Print the lines in the listing below that fall between the line with "Resumen partido entre" and the line with "kwmobile Car Registration", those two lines included, exactly as they stand and with nothing else.

[Start of Attachment]

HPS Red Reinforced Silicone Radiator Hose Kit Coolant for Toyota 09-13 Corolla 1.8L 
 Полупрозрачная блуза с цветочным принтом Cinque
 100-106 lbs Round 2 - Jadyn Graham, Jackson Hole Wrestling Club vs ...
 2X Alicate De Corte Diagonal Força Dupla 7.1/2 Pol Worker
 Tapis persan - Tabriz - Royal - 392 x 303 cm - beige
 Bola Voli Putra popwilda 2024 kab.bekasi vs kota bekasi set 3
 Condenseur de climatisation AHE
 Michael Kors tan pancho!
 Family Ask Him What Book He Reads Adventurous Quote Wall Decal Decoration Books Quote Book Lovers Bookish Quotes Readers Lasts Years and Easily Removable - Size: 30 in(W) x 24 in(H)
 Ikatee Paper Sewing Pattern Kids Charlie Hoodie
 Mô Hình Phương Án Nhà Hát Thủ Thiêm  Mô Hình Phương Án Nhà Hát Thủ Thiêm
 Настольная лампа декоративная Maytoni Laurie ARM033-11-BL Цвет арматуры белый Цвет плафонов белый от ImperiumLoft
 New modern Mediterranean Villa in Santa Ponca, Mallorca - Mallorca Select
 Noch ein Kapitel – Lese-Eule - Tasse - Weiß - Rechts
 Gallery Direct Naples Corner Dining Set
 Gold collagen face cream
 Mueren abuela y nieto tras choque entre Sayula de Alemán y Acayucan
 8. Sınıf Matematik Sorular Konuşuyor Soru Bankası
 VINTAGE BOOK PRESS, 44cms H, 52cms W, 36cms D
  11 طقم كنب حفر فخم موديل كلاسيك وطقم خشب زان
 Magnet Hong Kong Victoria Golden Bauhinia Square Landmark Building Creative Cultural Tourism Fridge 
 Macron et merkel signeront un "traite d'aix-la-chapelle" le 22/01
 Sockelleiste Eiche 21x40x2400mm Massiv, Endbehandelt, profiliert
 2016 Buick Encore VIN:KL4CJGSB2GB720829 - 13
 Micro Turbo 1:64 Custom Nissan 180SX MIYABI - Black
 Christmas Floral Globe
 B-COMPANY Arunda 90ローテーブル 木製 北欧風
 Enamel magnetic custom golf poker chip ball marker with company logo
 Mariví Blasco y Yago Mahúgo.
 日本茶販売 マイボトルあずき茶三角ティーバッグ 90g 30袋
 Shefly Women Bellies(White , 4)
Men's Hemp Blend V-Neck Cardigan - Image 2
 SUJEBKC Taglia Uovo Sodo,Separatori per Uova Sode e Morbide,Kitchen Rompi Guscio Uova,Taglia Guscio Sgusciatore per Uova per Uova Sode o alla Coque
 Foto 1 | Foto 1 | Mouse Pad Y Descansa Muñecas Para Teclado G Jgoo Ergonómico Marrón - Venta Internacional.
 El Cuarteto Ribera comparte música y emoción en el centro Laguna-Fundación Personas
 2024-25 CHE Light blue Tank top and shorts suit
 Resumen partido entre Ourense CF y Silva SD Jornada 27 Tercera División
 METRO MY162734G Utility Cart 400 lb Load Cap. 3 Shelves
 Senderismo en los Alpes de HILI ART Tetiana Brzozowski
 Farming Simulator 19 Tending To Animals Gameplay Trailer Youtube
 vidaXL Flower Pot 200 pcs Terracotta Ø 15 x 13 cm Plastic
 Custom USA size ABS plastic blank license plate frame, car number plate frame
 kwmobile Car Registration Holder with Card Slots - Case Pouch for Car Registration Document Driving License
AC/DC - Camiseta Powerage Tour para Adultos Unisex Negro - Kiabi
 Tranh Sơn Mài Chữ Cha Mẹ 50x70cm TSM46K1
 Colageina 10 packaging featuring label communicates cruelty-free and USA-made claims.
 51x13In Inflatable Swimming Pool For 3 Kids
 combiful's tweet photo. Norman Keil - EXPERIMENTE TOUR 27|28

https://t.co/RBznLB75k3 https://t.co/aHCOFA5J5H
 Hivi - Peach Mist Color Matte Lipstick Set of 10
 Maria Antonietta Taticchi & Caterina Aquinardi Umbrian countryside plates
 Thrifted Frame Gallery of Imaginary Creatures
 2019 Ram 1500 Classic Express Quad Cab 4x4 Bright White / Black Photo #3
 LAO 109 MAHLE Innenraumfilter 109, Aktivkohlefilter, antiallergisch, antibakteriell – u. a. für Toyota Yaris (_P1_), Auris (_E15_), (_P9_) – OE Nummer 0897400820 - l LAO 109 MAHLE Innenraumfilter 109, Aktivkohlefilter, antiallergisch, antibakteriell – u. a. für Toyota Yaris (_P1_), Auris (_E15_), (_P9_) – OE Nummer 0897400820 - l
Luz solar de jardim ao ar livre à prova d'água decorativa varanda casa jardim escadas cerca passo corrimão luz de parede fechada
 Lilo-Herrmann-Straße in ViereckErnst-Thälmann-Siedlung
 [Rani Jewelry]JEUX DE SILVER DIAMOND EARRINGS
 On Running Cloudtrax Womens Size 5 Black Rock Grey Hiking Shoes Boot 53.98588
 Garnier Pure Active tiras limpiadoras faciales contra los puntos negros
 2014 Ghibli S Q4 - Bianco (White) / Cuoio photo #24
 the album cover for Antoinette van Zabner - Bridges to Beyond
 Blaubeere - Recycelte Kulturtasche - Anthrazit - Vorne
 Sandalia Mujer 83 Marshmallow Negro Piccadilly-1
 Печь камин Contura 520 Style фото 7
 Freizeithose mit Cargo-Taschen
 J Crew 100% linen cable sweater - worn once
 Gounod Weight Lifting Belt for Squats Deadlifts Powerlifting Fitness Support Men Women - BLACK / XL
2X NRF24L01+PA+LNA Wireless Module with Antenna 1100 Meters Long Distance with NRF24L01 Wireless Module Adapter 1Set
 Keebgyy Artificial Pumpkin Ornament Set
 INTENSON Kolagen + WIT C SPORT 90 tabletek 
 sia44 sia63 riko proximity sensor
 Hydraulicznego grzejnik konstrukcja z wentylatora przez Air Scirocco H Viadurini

[End of Attachment]

● Solution for this task:
 Resumen partido entre Ourense CF y Silva SD Jornada 27 Tercera División
 METRO MY162734G Utility Cart 400 lb Load Cap. 3 Shelves
 Senderismo en los Alpes de HILI ART Tetiana Brzozowski
 Farming Simulator 19 Tending To Animals Gameplay Trailer Youtube
 vidaXL Flower Pot 200 pcs Terracotta Ø 15 x 13 cm Plastic
 Custom USA size ABS plastic blank license plate frame, car number plate frame
 kwmobile Car Registration Holder with Card Slots - Case Pouch for Car Registration Document Driving License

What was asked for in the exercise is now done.